Secretary of Government of the State of Sinaloa
- Incumbent
- Assumed office 21 August 2026
- Governor: Rubén Rocha Moya Graciela Domínguez Nava
- Preceded by: Pablo Francisco Bedoya (acting)
- In office 24 October 2025 – 2 May 2026
- Governor: Rubén Rocha Moya
- Preceded by: Rodolfo Jiménez López
- Succeeded by: Pablo Francisco Bedoya (acting)

Governor of Sinaloa
- Interim
- In office 2 May 2026 – 21 August 2026
- Preceded by: Rubén Rocha Moya
- Succeeded by: Rubén Rocha Moya

Member of the Congress of Sinaloa
- In office 1 October 2018 – 31 September 2021
- Constituency: Proportional representation

Personal details
- Born: October 29, 1992 (age 33) San Ignacio, Sinaloa, Mexico
- Party: National Regeneration Movement (since 2018)
- Education: Autonomous University of Sinaloa
- Occupation: Politician

= Yeraldine Bonilla Valverde =

Interim governor of Sinaloa

Yeraldine Bonilla Valverde (born 29 October 1992) is a Mexican politician who serves as Secretary of Government of the State of Sinaloa, having previously served as interim Governor of Sinaloa, after Rubén Rocha Moya requested a leave of absence from May to August 2026. She previously served as General Secretary of the Government of Sinaloa from October 2025 until May 2026.

== Biography ==
She studied for a bachelor's degree in social work at the Autonomous University of Sinaloa. She was a deputy of the LXIII Legislature of the Congress of the State of Sinaloa.
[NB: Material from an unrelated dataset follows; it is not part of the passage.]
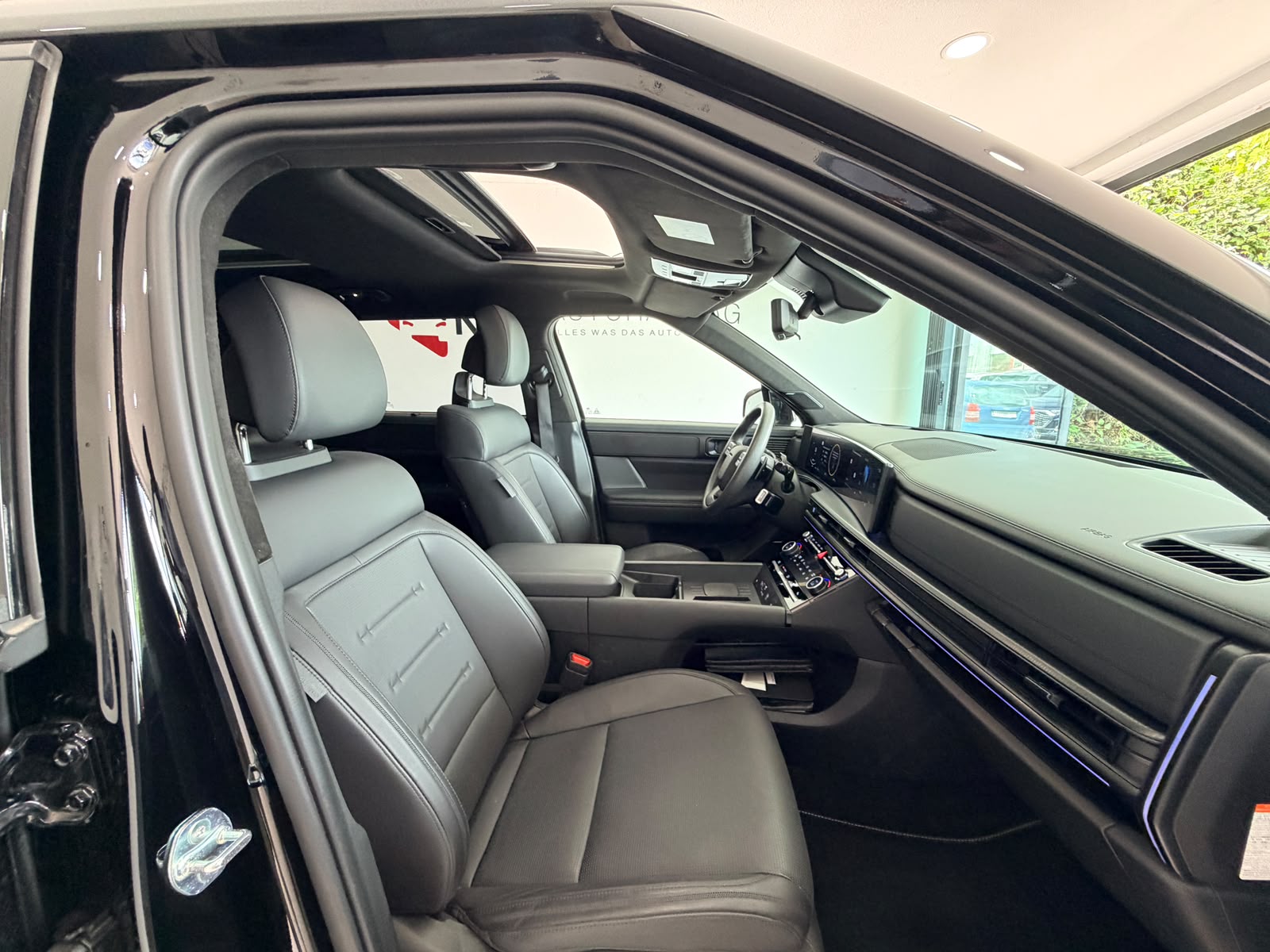 HYUNDAI Santa Fe 1.6 T-GDi HEV Calligraphy 4WD Automatic*7 Plätzer*Vollaustattung*5 Jahre Werksgarantie*CH Fahrzeug*-image-23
In the area of public safety, she also served as acting head of the Sinaloa State Public Security Secretariat, a role she temporarily held from 25 August to 6 September 2023.
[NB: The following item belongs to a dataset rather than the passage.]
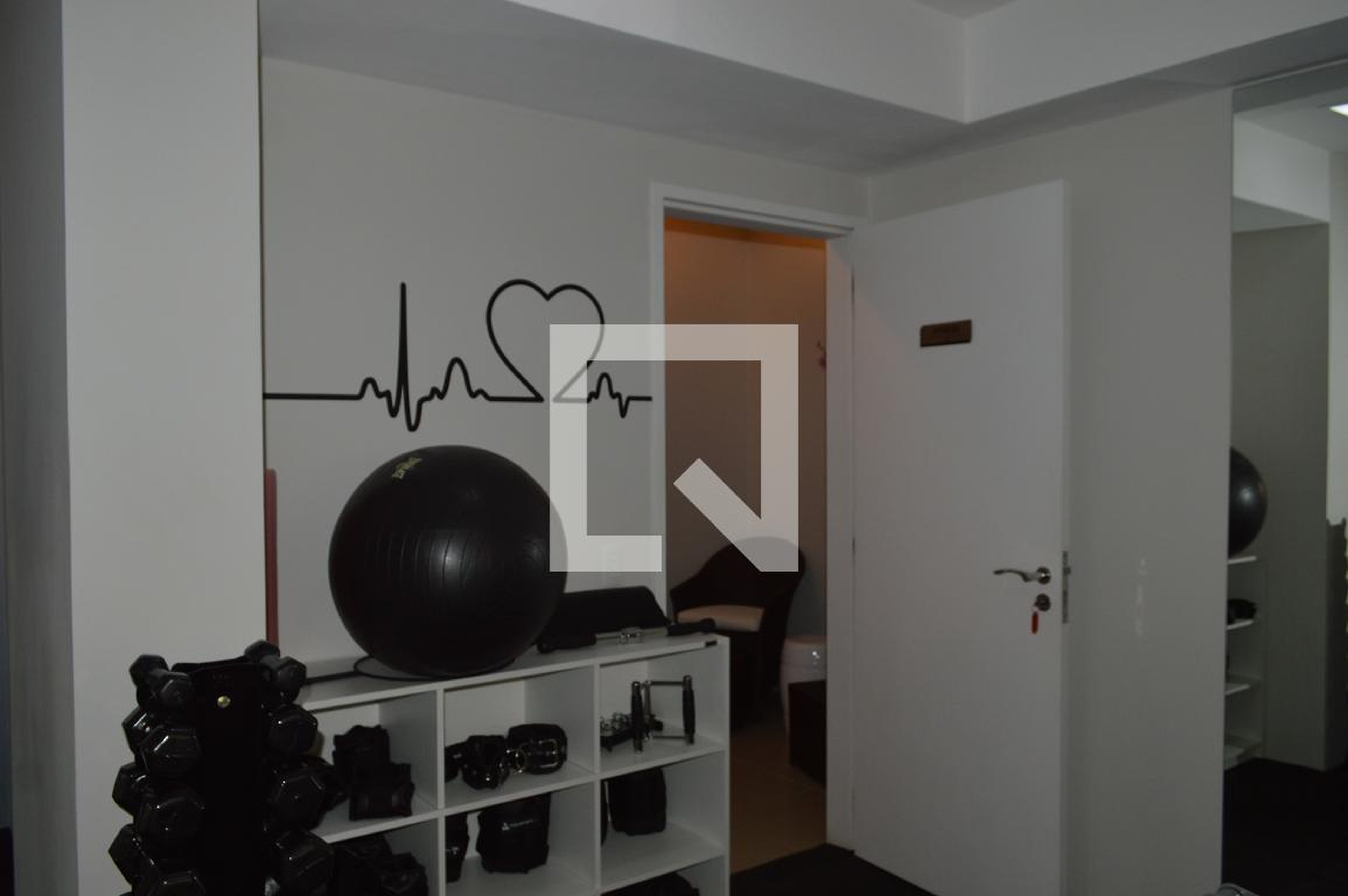 Academia - Essentials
On 24 October 2025, she was appointed as Secretary of Government of the State of Sinaloa by Governor Rubén Rocha Moya. Following Rocha Moya's leave on 1 May 2026, Bonilla Valverde was designated as interim governor by the Congress of Sinaloa.

On 21 August 2026, she returned to the office of Secretary of Government of Sinaloa after Rocha Moya, returned to his post as Governor.